Intuitively, it seems clear that the answer should be more than a half, since there are more plain cookies in bowl #1. The precise answer is given by Bayes' theorem. Let H1 corresponds to bowl #1, and H2 to bowl #2. It is given that the bowls are identical from Fred's point of view, thus P(H1) = P(H2), and the two must add up to 1, so both are equal to 0.5. The datum D is the observation of a plain cookie. From the contents of the bowls, we know that P(D | H1) = 30/40 = 0.75 and P(D | H2) = 20/40 = 0.5.

In the courtroom

• Bayesian inference can be used to coherently assess additional evidence of guilt in a court setting.
• Let G be the event that the defendant is guilty.
• Let E be the event that the defendant's DNA matches DNA found at the crime scene.
• Let p(E | G) be the probability of seeing event E assuming that the defendant is guilty. (Usually this would be taken to be unity.)
• Let p(G | E) be the probability that the defendant is guilty assuming the DNA match event E
• Let p(G) be the probability that the defendant is guilty, based on the evidence other than the DNA match.

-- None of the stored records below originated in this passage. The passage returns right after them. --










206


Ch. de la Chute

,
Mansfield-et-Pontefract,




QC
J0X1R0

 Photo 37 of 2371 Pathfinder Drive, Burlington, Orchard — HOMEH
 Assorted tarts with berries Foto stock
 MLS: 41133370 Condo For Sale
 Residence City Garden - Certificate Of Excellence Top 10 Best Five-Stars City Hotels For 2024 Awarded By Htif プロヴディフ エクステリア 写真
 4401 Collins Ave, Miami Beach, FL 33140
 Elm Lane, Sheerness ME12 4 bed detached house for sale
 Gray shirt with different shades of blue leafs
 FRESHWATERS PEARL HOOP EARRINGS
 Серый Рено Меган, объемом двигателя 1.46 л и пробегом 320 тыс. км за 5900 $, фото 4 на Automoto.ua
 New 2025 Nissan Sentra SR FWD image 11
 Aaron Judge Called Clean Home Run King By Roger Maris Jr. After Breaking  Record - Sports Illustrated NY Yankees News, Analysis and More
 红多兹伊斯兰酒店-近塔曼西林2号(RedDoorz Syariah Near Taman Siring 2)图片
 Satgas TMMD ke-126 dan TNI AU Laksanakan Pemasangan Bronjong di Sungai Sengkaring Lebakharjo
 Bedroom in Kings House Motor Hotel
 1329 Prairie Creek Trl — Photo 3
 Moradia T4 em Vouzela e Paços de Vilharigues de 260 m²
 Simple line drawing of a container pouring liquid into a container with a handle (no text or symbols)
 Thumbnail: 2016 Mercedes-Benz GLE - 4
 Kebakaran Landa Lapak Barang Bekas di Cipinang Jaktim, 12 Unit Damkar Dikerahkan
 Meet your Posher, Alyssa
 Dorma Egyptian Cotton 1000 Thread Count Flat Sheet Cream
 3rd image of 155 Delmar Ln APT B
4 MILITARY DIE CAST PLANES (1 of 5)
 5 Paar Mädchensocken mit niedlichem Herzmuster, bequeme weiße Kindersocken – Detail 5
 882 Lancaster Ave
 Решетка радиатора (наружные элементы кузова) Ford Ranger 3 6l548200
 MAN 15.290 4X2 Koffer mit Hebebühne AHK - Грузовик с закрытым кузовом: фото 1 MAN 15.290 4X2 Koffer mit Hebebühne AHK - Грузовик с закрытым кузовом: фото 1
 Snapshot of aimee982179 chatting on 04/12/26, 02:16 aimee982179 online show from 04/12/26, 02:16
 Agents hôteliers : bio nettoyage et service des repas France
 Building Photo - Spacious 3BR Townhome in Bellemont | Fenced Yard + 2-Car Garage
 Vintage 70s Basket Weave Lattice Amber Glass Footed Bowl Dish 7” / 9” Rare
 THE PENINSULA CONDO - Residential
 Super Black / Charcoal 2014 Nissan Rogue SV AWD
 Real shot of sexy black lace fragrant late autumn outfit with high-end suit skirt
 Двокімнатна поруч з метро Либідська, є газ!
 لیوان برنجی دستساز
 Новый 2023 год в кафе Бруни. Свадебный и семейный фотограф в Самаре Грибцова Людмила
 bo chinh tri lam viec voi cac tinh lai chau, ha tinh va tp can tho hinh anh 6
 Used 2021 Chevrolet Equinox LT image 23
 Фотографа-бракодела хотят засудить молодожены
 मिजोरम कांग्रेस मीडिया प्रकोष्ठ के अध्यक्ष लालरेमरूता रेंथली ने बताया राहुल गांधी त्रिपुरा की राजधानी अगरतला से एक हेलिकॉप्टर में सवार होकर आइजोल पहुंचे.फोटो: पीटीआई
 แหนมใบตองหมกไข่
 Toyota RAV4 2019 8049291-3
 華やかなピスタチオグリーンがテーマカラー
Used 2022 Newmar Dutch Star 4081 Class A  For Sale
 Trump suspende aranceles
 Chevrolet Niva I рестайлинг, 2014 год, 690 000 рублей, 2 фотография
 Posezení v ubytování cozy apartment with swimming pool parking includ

• Bayesian inference tells us that if we can assign a probability p(G) to the defendant's guilt before we take the DNA evidence into account, then we can revise this probability to the conditional probability p(G | E), since
• p(G | E) = p(G) p(E | G) / p(E)
• Suppose, on the basis of other evidence, a juror decides that there is a 30% chance that the defendant is guilty. Suppose also that the forensic evidence is that the probability that a person chosen at random would have DNA that matched that at the crime scene was 1 in a million, or 10-6.
• The event E can occur in two ways. Either the defendant is guilty (with prior probability 0.3) and thus his DNA is present with probability 1, or he is innocent (with prior probability 0.7) and he is unlucky enough to be one of the 1 in a million matching people.
• Thus the juror could coherently revise his opinion to take into account the DNA evidence as follows:
• p(G | E) = (0.3 × 1.0) /(0.3 × 1.0 + 0.7 × 10-6) = 0.99999766667.
• In the United Kingdom, Bayes' theorem was explained by an expert witness to the jury in the case of Regina versus Dennis John Adams. The case went to Appeal and the Court of Appeal gave their opinion that the use of Bayes' theorem was inappropriate for jurors.